I haven’t read any reviews of Singularity, since I wanted my review to be pure as virgin snow, but I couldn’t help myself when I saw an interview with Raven’s Creative Director Dan Vondrak on my RSS feed. At one point in the interview, Vondrak says, “I think overall that making a new IP was more challenging that we originally anticipated… There were times when it seemed really gloomy, because it’s so hard to do it when everyone goes, ‘what’s it like?’ And you’re trying to say, ‘well, I don’t know if it’s really like anything.”
This seems like a ridiculous thing to say, because Singularity is fundamentally indebted to the innovations of better games. The problem isn’t that Singularity is a new and unfamiliar sort of thing. The problem is that Singularity is tremendously familiar—most notably to Bioshock, but also to Half-Life 2, Dead Space, Call of Duty 4, Gears of War, Fallout 3, and Uncharted—among others. It hijacks the visual language of its predecessors, and it suffers tremendously by comparison.
The writing is abysmal. The plot is predictable and tiresome. The characters are stereotypical and devoid of personality. The rooms are littered with junk, but it’s just the same phone, the same typewriter, the same Bunsen burner, over and over and over again. There are dozens of notes and audio logs, but they are mind-bogglingly bland and repetitive.

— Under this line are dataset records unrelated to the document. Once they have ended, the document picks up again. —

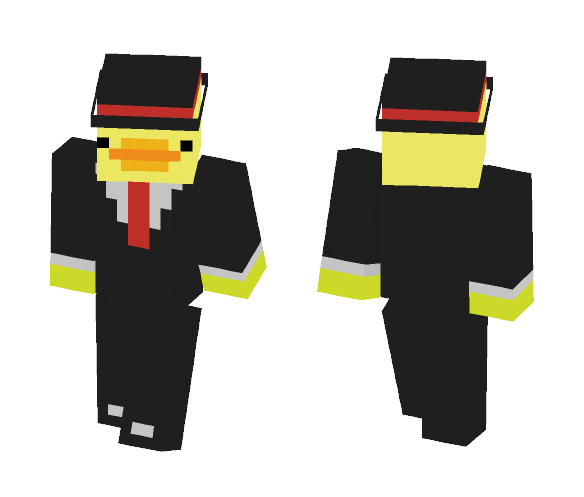 Mr Duck - Male Minecraft Skins - image 1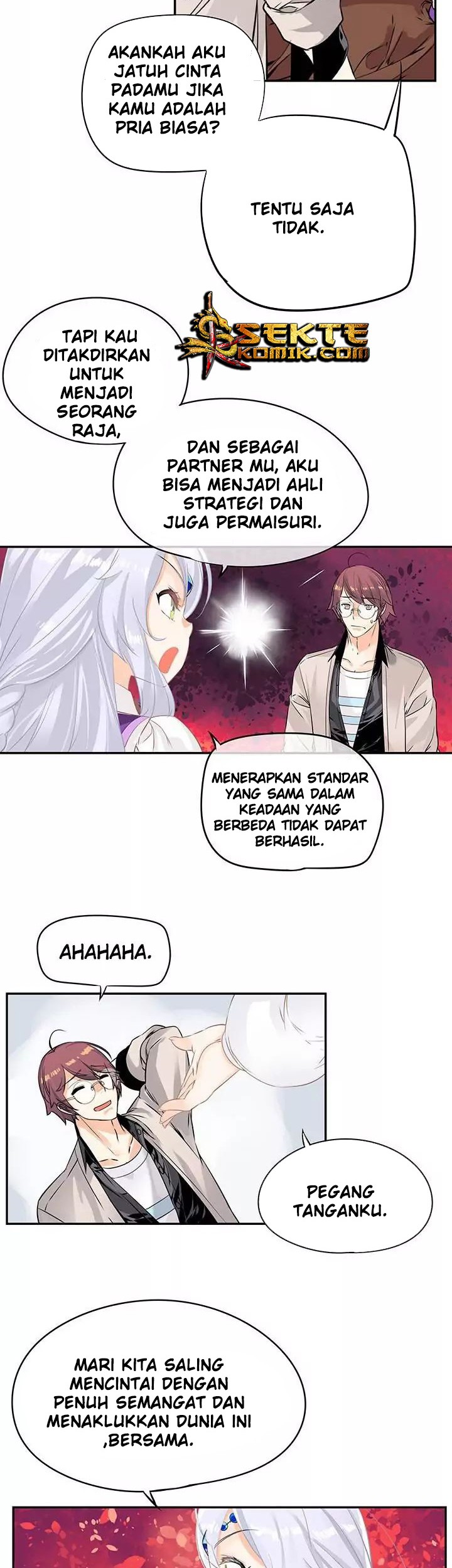 The God of “Game of God” Chapter 21 Gambar 13
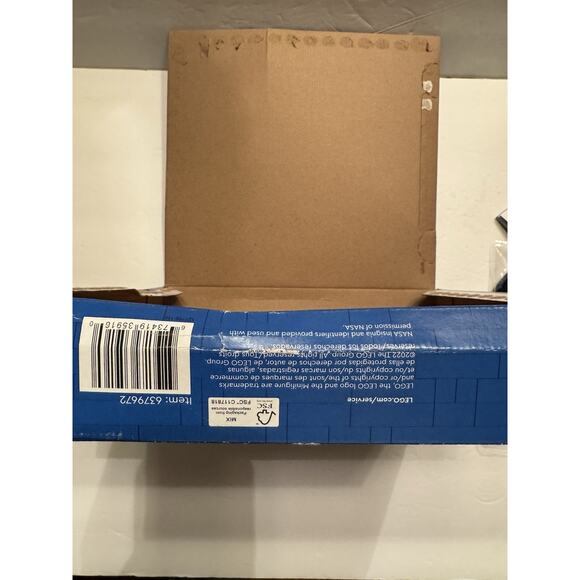 New Sealed Bag Damaged Box LEGO City Space Lunar Roving Vehicle Set 60348 Moon - Picture 10 of 11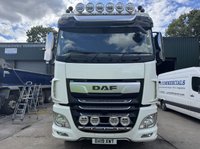 USED 2016 19 DAF XF 2019 DAF XF-530 6x2 Tractor Unit 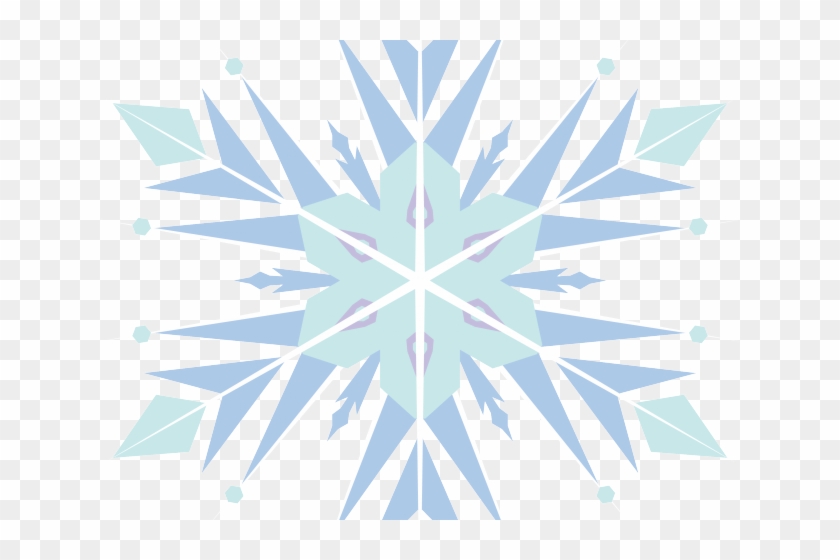 Disney Frozen Snowflake SVG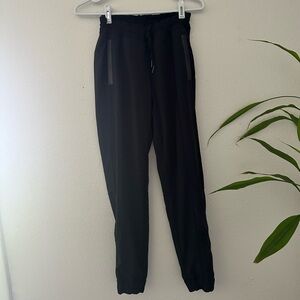 Lululemon Black Joggers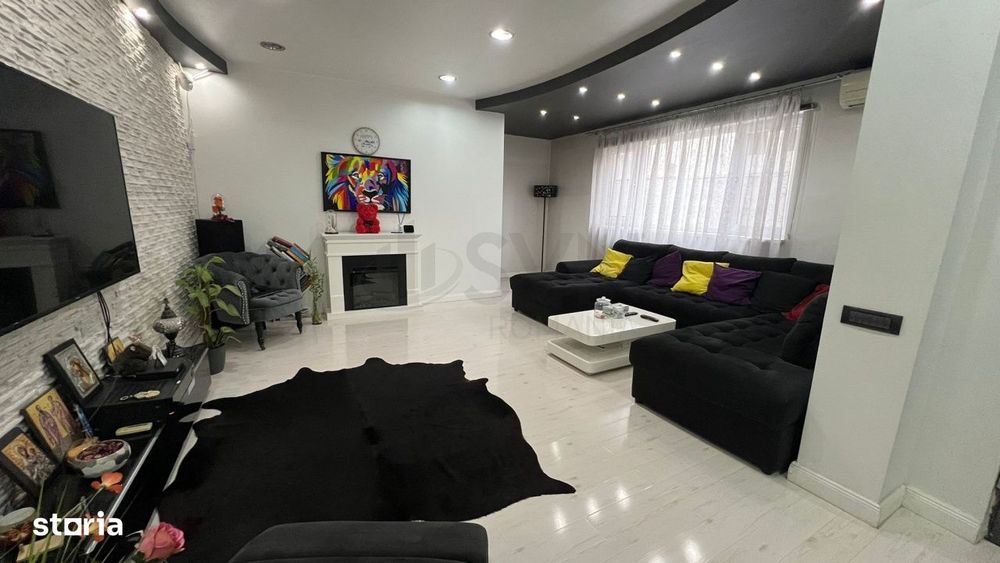 Apartament 3 camere si Spatii de Birou I Curte l Garajl Piata Muncii
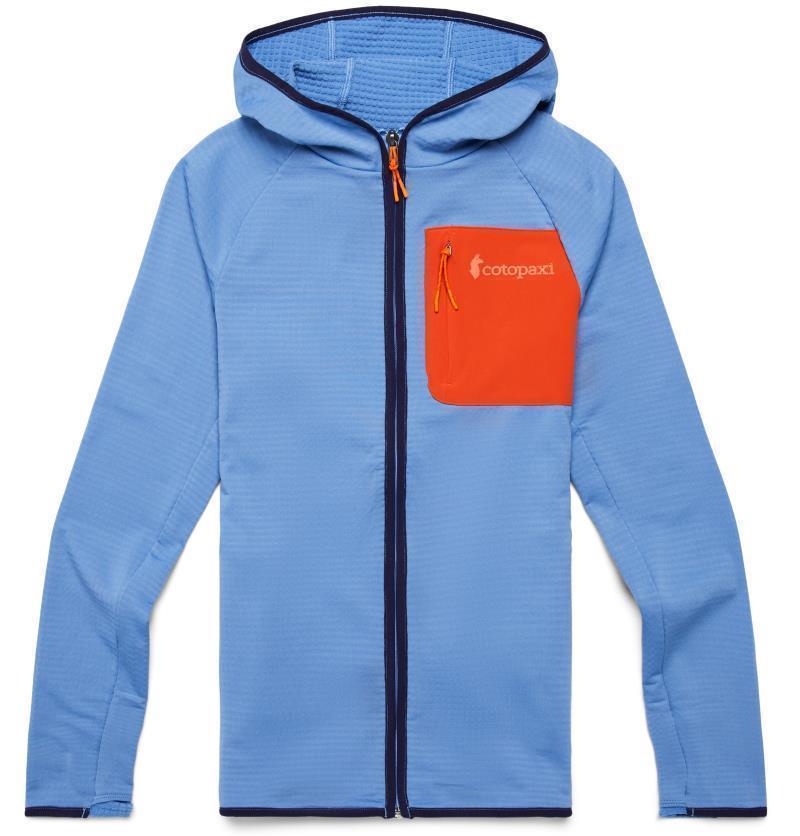 Otero Fleece Full-Zip Hooded Jacket - Womens - Lupine 1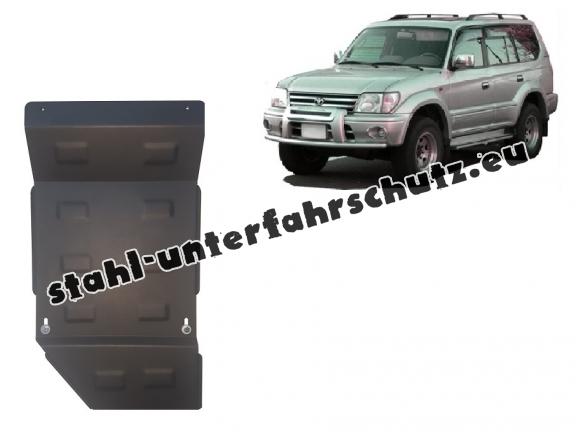 Stahl Getriebe Schutz für Toyota Land Cruiser J90 - nur für 3 türer modell (1995-2002)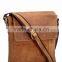 TEAKWOOD LEATHER REAL GENUINE MESSENGER BAG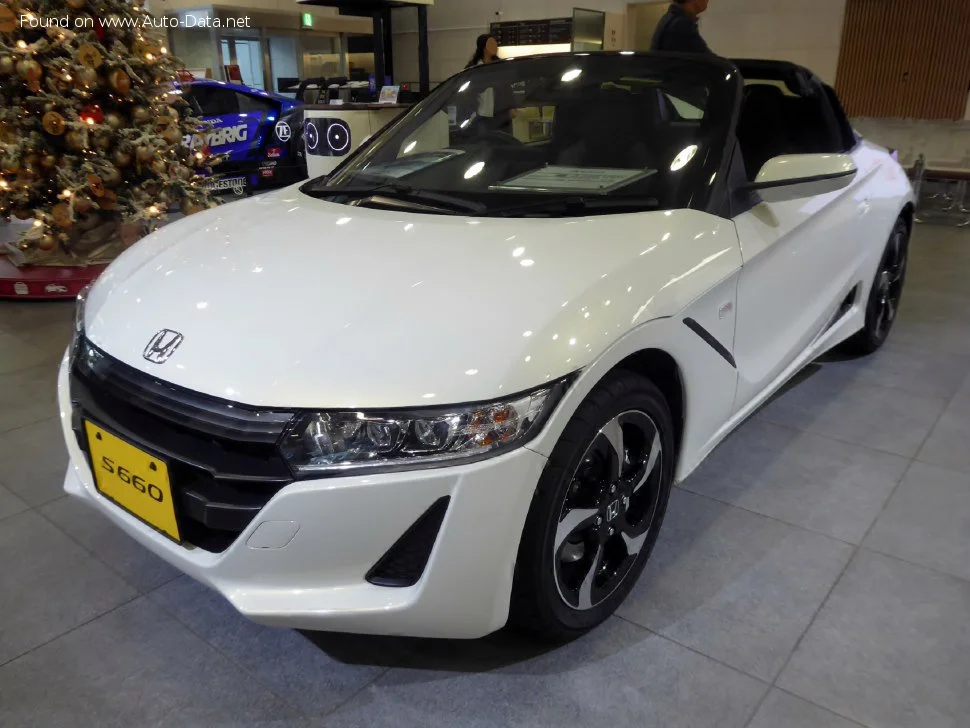 Honda S660 0.7i (64 Hp)2015 - 2022 - 1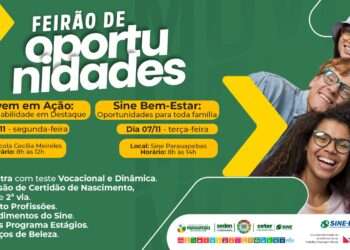 Parauapebas: População do município receberá Feirão de Oportunidades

Every trapped man (I don’t remember a single female-recorded audio log), be he soldier or scientist, spoke with the same tone, usually just recounting events—“we’ve been in here for weeks. Yesterday, Ivan said that we’re all going to die. I’m sorry for failing you Ivan. For failing us all….” In fact, I think that just about all speech in the game is either expository or directive. If I were going to play the game again, I would do it with a pad and paper so that I could tally every time someone told me that “we’re running out of time,” and yet there’s rarely any sense of urgency.
It frustrates me that good writing is such a minor priority for most video games, but the fact of the matter is that good writing and boring mechanics make for a “failure,” and countless blockbuster games have proven that fun action can more than compensate for brain-dead plots and mediocre dialogue. But I maintain that Singularity was trying to tell a compelling story, and it failed. It was trying to create an interesting environment to explore, and it failed. It left a bread trail of guns and time magic scattered through its halls, and it led me along, but crumbs are unsatisfying! I demand bread, damn it!
I’m giving this game a “fry it.” Not because it’s so bad that if your friend has a copy you should sneak into her house and cook it up with some oil and maybe some potatoes and then put it into her fridge in the hopes that she thinks it’s leftovers and then eats it and gets what’s coming to her for buying such a miserable game. It isn’t that bad. We’ve been over this; there are some good parts! I’m giving it a “fry it” in order that the review score might sufficiently express my distaste. I’m giving Singularity a “fry it” because forget 60 bucks, there really are great games out there—why spend 6-8 hours on this one?